120gn Nosler BST, OAL 78.0mm

Powder	Min Charge (gn)	Velocity (m/s)	Max Charge (gn)	Velocity (m/s)
Norma URP	64.3	955	67.7	1024
Norma 204	65.4	944	68.8	1008
Vihtavuori N150	65.4	944	68.8	1008
Norma MRP	69.7	977	73.3	1046
Vihtavuori N165	69.7	977	73.3	1046
Reloader 22	69.7	977	73.3	1046
IMR7828	69.7	977	73.3	1046

140gn Nosler AB, OAL 78.0mm

Powder	Min Charge (gn)	Velocity (m/s)	Max Charge (gn)	Velocity (m/s)
Norma MRP	65.9	900	69.4	961
Vihtavuori N165	65.9	900	69.4	961
Reloader 22	65.9	900	69.4	961
IMR7828	65.9	900	69.4	961

156gn Norma Oryx, OAL 75.4mm

Powder	Min Charge (gn)	Velocity (m/s)	Max Charge (gn)	Velocity (m/s)
Norma MRP	63.8	858	67.3	908
Vihtavuori N165	63.8	858	67.3	908
Relaoder 22	63.8	858	67.3	908
IMR7828	63.8	858	67.3	908

170gn Norma Oryx, OAL 76.4mm

Powder	Min Charge (gn)	Velocity (m/s)	Max Charge (gn)	Velocity (m/s)
Norma MRP	62.2	833	65.4	881
Vihtavuori N165	62.2	833	65.4	881
Reloader	62.2	833	65.4	881
IMR7828	62.2	833	65.4	881







*Load info emailed from Berger Bullets.* 

COAL 3.300"
26" barrel
180gr bullet

Reloader 26
Min  63gr   2769fps
Max 66.2gr  2896fps   89% full

ADI 2225
Min 69gr  2791fps
Max 72.6gr 2936fps   104% full


I'm hoping people will add real world data to this thread and it'll become a useful resource for all.

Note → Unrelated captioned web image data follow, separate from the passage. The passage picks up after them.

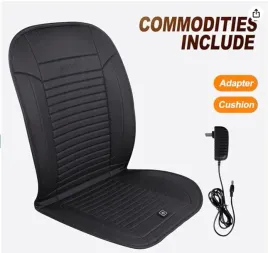 olidon-podgrzewana-poduszka-siedziska-z-czujnikiem-nacisku-i-termostatem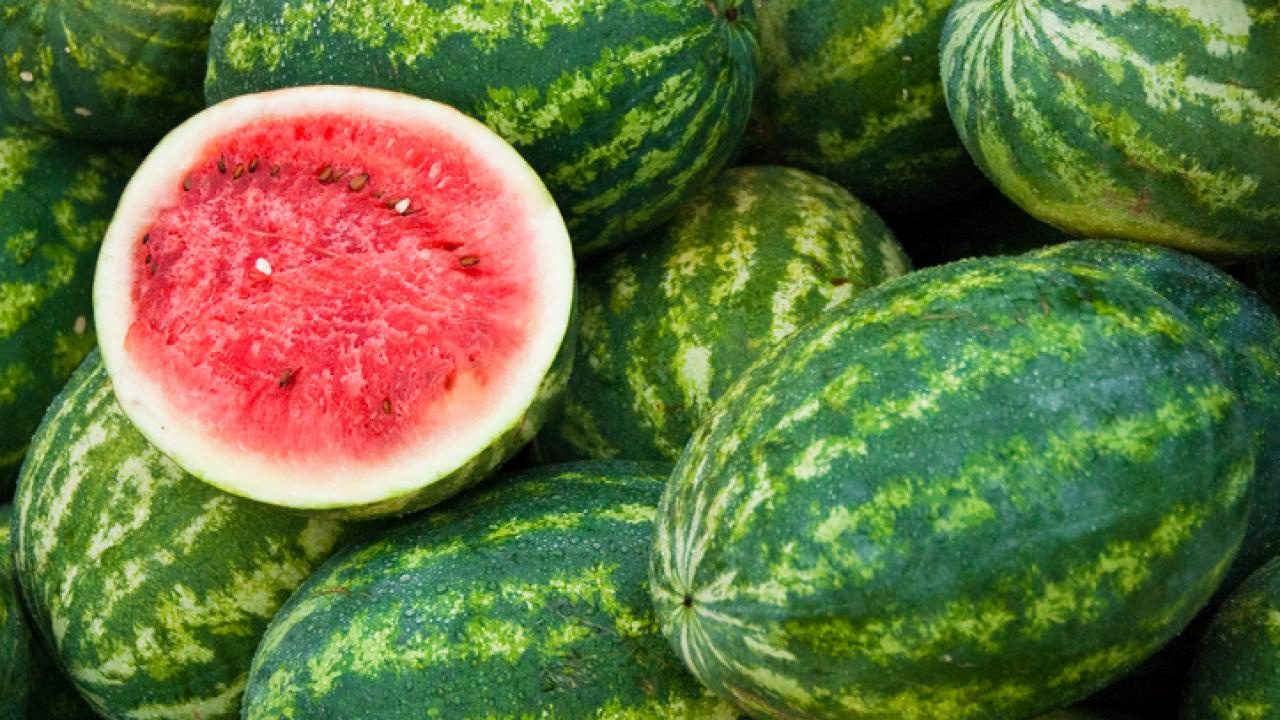 Türkiye’de Temel Tüketim Ürünleri Yunanistan’a Göre Neden Daha Pahalı? Sepet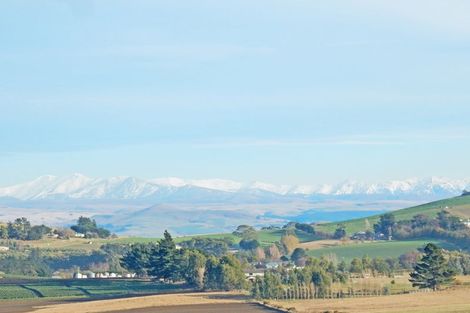 Photo of property in 162a Awamoa Road, Holmes Hill, Oamaru, 9492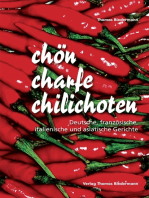 chön charfe chilichoten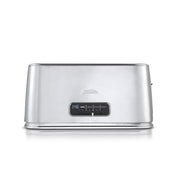 Sunbeam Arise 4 Slice Toaster TAM5003SS_19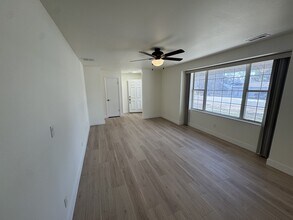 267 S 300 E in Heber City, UT - Building Photo - Building Photo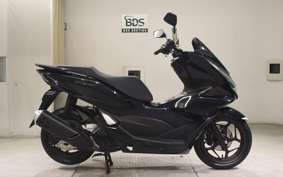 HONDA PCX 125 JK05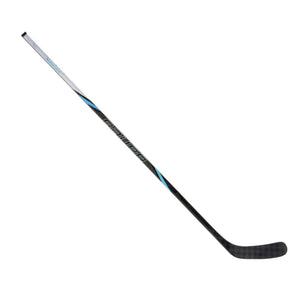 Bauer Nexus Tracer Hockey Stick - Senior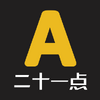 ��ʮһ����app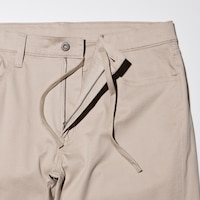 https://image.uniqlo.com/UQ/ST3/us/imagesgoods/470514/feature/usgoods_470514_feature2.jpg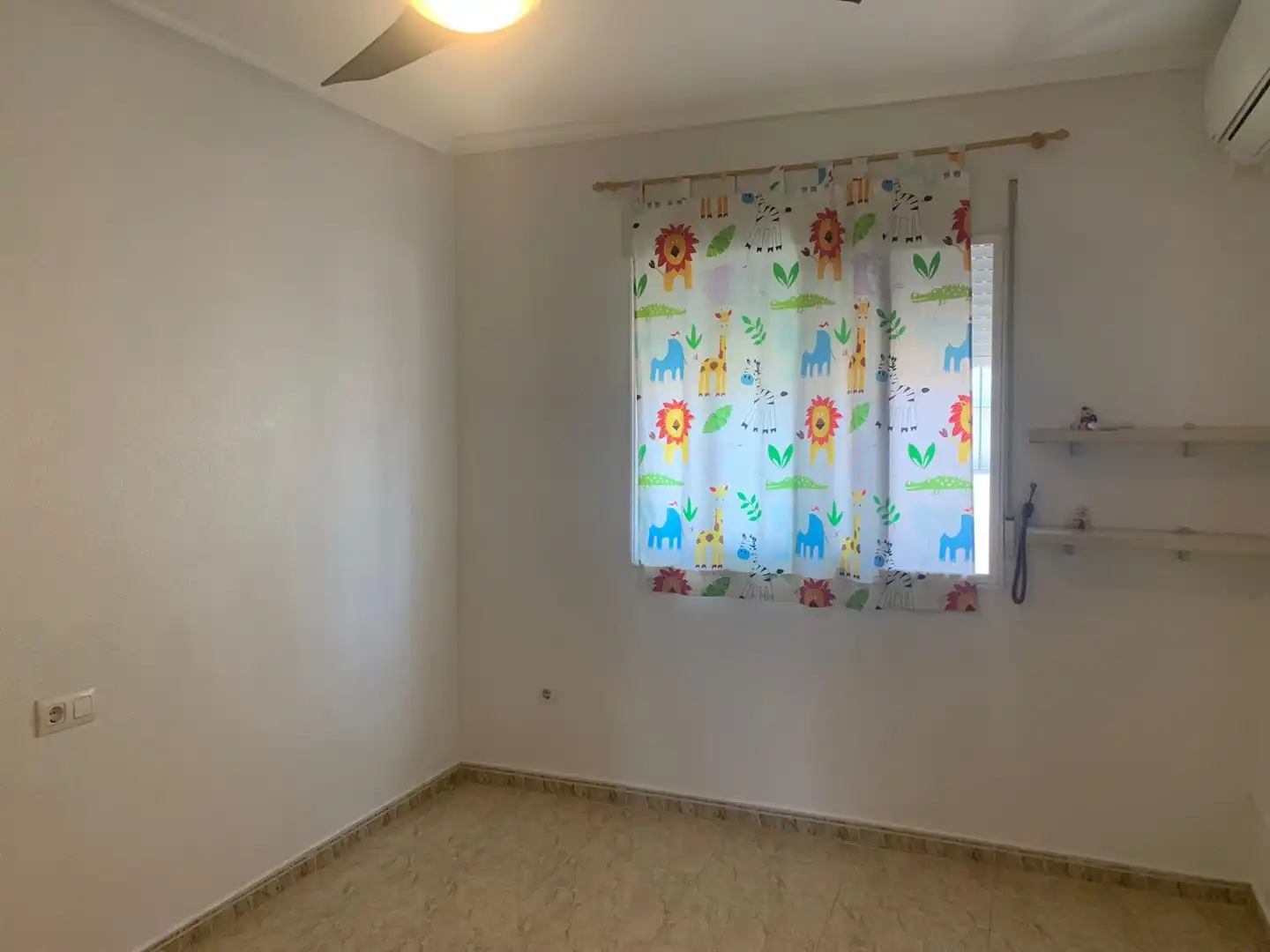 Adossat en venda a Los Narejos - Punta Calera, imagen 26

As usual, be careful. Start low and use these as a guide only.

----------


## Shootm

@Kiwi Greg would have the real world data.

----------


## Tim Dicko

> The 7mm Blaser Mag seems to be growing in popularity so I figure it deserves its own thread. 
> 
> Here's some of the info I've collated which might be useful to those that have, or are considering the case.
> *
> Case Comparison*
> 
> L to R.  7mmBM, 7mm SAUM, 300Blaser Magnum
> Attachment 89195
> 
> ...


good work mate

----------


## Feebz

> good work mate


Thanks mate.  Hope that Totonka pack is still going well for you.

----------


## Tim Dicko

> Thanks mate.  Hope that Totonka pack is still going well for you.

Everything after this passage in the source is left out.